Todd Kanno was supposed to be somewhere else in the world on Tuesday night — serving a mission for The Church of Jesus Christ of Latter-day Saints.

Instead, health problems kept the 19-year-old Honeyville man home, putting him in the right place at the right time to rescue a 3-year-old girl who was critically injured in a car crash.

Kanno was headed home on northbound I-15 about 3 p.m. after picking up his final paycheck from Smith and Edwards. He was talking to his mom on his cell phone when he saw a tire on a southbound car come apart.

"I saw the puff of dust and I saw the tire — the tread off the tire — because the tire peeled," Kanno said Wednesday. "I told (my mom) I had to go."

As Kanno watched, the driver of the car went off the road in one direction, over-corrected, slammed on her brakes, and crashed off the right side of the road down a 6-foot embankment near Willard Bay.

"My dad was a highway patrolman and an EMT," Kanno said. "I was always taught that if you see something happen, you need to go and help and do what you can."

Kanno took the next exit, crossed under I-15 and then got on the southbound on-ramp. He estimates it took him less than five minutes to reach the crash scene.

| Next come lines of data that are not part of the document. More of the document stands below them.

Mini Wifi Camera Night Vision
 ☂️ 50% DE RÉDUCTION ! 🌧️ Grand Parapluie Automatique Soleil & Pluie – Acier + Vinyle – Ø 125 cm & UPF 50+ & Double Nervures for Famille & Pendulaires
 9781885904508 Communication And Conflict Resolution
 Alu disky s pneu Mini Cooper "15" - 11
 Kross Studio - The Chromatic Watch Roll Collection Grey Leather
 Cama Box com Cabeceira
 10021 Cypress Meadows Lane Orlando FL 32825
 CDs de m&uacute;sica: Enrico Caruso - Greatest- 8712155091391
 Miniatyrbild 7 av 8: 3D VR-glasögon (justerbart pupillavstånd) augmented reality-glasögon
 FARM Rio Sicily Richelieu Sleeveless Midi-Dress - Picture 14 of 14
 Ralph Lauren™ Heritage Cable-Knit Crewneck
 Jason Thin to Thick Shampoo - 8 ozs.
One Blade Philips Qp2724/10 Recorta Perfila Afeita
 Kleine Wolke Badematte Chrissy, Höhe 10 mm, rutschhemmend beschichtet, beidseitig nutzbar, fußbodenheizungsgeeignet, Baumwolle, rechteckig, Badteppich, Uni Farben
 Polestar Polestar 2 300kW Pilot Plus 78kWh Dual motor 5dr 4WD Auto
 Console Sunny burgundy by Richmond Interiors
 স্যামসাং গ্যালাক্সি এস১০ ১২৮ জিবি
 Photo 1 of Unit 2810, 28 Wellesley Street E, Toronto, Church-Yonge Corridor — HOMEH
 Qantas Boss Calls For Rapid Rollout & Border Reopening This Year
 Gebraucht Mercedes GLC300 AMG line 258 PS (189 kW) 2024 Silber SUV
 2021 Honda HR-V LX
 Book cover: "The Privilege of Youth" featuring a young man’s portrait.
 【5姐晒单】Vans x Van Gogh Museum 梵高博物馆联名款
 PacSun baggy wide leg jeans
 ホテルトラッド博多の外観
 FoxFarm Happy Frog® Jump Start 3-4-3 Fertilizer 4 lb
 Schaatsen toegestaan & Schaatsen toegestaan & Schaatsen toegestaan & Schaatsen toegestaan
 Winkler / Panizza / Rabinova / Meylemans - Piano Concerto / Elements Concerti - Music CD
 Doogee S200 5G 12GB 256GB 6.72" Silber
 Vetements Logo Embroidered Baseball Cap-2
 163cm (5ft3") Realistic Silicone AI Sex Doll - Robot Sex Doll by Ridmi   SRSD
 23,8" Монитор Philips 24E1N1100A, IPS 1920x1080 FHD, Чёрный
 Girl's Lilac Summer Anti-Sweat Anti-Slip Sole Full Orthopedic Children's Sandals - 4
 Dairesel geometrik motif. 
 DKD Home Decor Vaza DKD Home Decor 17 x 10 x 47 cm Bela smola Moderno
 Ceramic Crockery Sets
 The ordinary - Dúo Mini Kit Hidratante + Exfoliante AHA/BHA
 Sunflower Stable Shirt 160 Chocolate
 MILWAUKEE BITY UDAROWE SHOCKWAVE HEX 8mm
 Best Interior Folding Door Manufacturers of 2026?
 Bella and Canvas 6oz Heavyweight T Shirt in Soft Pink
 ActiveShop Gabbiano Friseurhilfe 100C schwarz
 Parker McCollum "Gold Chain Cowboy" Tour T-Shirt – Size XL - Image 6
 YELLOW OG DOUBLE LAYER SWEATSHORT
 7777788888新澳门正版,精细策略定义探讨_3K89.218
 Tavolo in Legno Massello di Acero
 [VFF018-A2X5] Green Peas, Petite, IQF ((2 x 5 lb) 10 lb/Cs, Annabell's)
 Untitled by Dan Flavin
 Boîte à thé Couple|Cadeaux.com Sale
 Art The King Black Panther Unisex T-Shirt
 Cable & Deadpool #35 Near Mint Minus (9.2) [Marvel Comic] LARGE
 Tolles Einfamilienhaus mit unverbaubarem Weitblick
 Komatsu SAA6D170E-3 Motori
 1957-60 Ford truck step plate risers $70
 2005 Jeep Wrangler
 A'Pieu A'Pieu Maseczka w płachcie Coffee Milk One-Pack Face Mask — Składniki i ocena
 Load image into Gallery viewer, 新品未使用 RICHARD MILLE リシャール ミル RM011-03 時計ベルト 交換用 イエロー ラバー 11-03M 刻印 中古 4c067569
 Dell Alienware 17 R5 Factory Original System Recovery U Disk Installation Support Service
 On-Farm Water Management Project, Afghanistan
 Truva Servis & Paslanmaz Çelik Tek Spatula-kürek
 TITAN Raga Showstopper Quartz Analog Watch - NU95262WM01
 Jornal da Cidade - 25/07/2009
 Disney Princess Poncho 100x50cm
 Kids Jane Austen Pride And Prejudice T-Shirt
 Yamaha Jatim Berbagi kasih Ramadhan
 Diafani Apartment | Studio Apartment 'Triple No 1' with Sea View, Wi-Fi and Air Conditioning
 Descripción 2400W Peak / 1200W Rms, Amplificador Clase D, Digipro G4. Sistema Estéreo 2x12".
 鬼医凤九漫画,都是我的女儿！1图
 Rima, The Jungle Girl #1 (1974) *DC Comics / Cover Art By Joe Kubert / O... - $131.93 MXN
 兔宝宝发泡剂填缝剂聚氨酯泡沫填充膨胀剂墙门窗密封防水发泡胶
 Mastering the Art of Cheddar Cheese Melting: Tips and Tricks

As he approached the overturned car, the driver, Shannon Cantwell, and her three young children had already freed themselves from the wreckage. A semi-truck driver was on the phone with emergency dispatchers, Kanno said, and a husband and wife who stopped at the scene were each holding one of Cantwell's children.

"She was hysterical; screaming for help," Kanno said of Cantwell.

The 26-year-old Brigham City woman told Kanno that her niece was in the vehicle, strapped into a car seat and submerged under the water running through the drainage ditch.

Kanno waded in.

"The mud came up almost to my knees and I'm 6 feet tall," he said. "The water was a little below my waist."

He tried to open one of the car's doors. It wouldn't budge. He slogged around to the other side of the vehicle, but that door was also wedged shut. So Kanno returned to the first door he'd tried.

"Somehow I got my hand in and opened the door enough that I could get a little leverage," he said, still unsure of how he managed the feat.

Kanno climbed into the car and saw the bottom of the car seat and a cast on the leg of 3-year-old Amara Young.